Start at the first line below and write out everything verbatim except the pictures.

SOURCE DATA section start

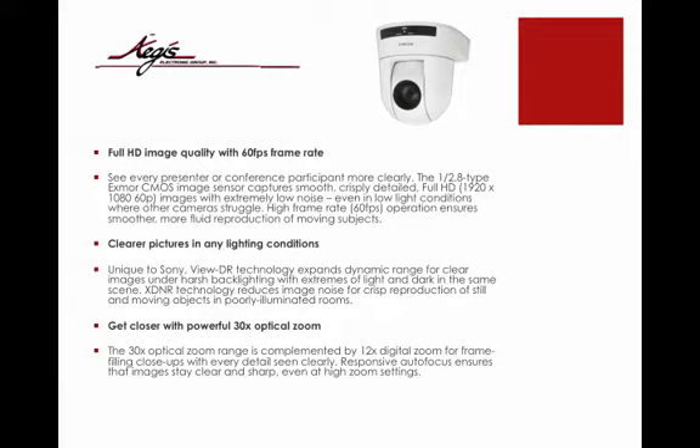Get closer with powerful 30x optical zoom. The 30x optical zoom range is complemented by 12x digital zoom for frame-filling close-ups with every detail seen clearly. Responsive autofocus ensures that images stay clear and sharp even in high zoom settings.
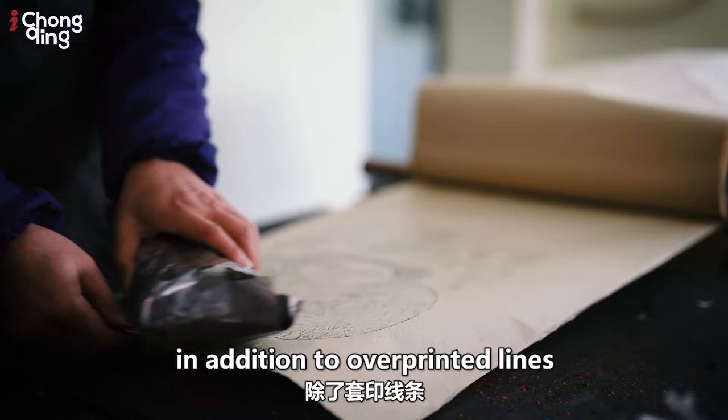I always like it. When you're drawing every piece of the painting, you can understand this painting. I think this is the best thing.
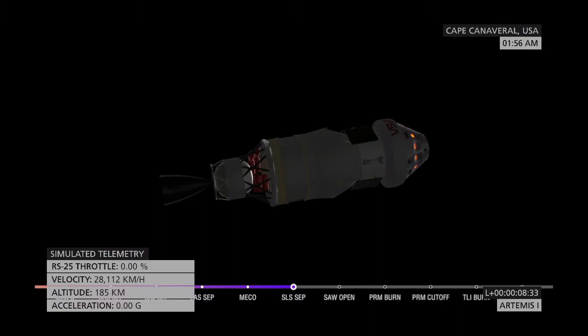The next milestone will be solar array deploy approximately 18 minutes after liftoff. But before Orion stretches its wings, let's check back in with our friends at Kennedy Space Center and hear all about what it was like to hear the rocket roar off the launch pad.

SOURCE DATA section end

### SOLUTION TO THIS TASK
Get closer with powerful 30x optical zoom. The 30x optical zoom range is complemented by 12x digital zoom for frame-filling close-ups with every detail seen clearly. Responsive autofocus ensures that images stay clear and sharp even in high zoom settings.
I always like it. When you're drawing every piece of the painting, you can understand this painting. I think this is the best thing.
The next milestone will be solar array deploy approximately 18 minutes after liftoff. But before Orion stretches its wings, let's check back in with our friends at Kennedy Space Center and hear all about what it was like to hear the rocket roar off the launch pad.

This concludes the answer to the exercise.